INFORMATION
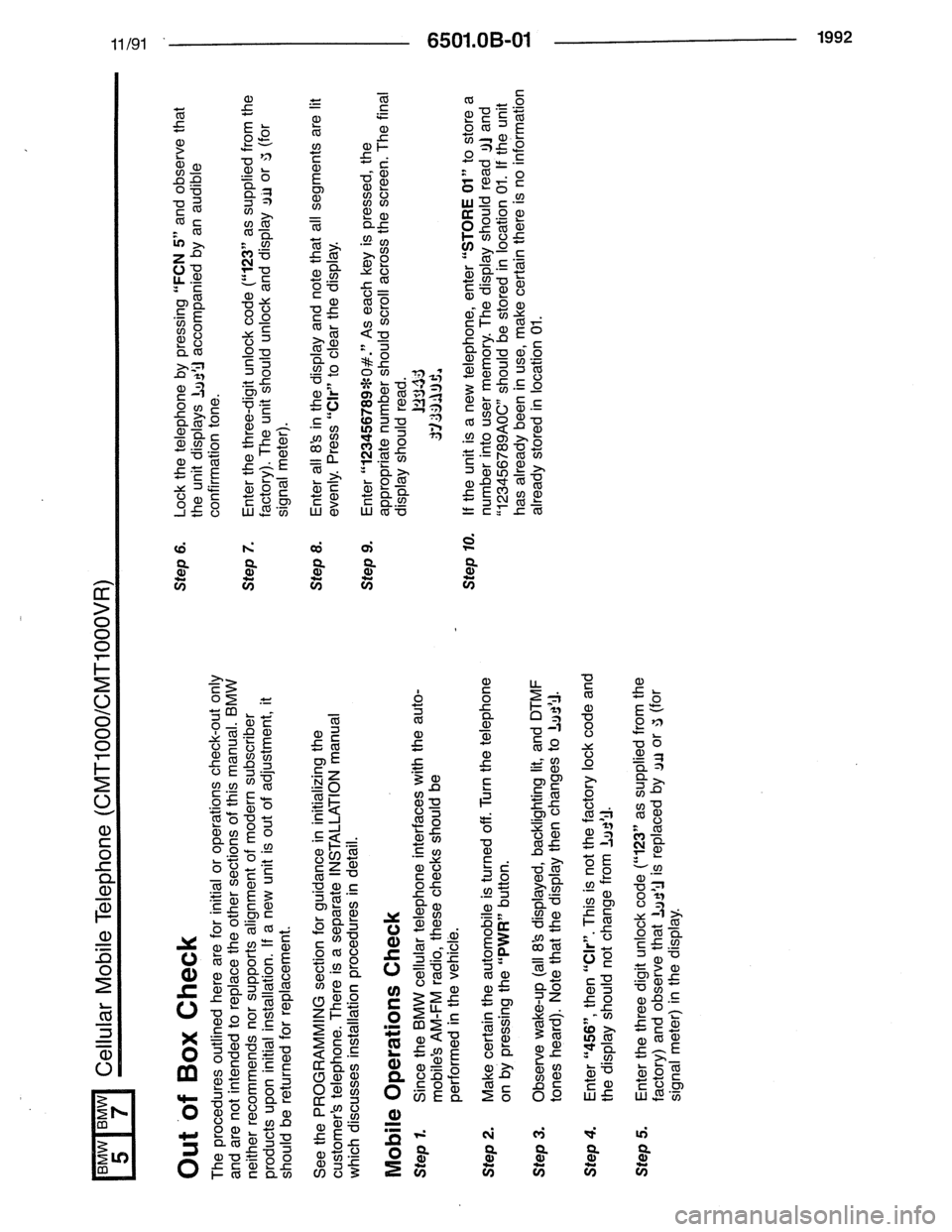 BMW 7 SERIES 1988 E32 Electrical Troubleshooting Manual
* * *
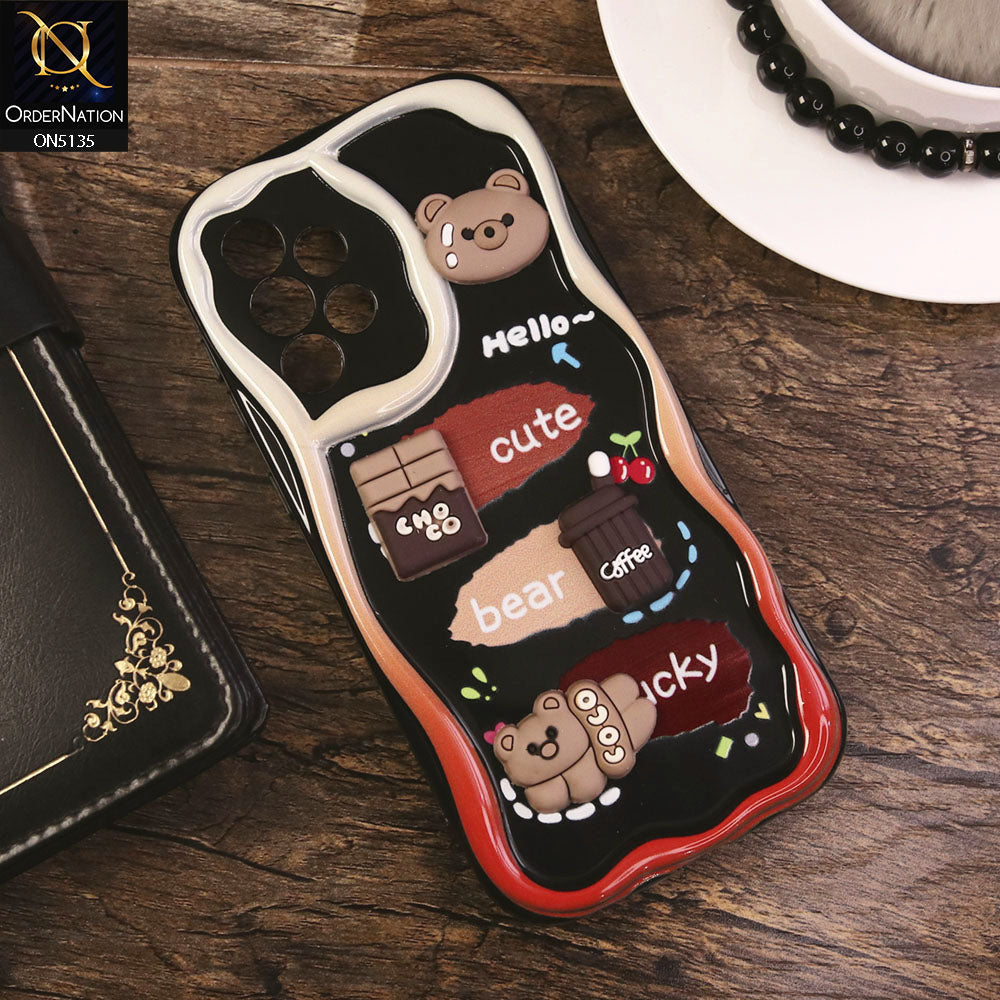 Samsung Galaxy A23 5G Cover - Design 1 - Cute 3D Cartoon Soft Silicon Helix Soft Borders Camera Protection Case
--
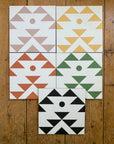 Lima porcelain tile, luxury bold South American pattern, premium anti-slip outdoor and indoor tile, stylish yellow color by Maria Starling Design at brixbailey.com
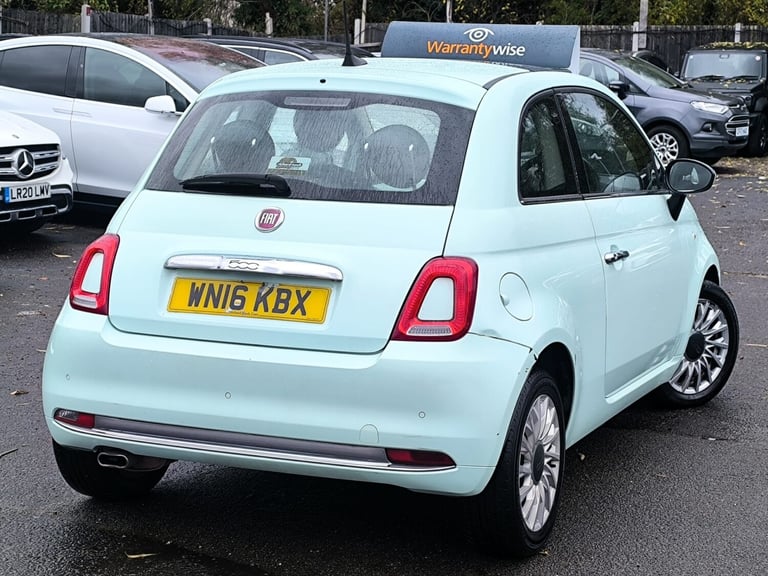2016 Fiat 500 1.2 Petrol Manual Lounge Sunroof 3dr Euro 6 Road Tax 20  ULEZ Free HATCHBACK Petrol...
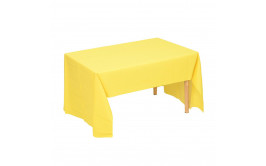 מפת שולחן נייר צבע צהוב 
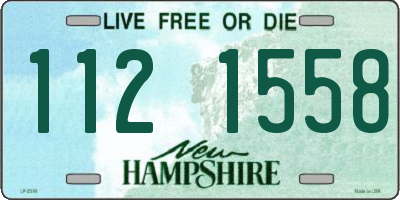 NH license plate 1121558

TASK GOAL
Reproduce the lines above beginning at the line that contains "מפת שולחן נייר צבע צהוב" and ending at the line that contains "NH license plate 1121558". No pictures.

ANSWER TO THIS TASK
 מפת שולחן נייר צבע צהוב 
 NH license plate 1121558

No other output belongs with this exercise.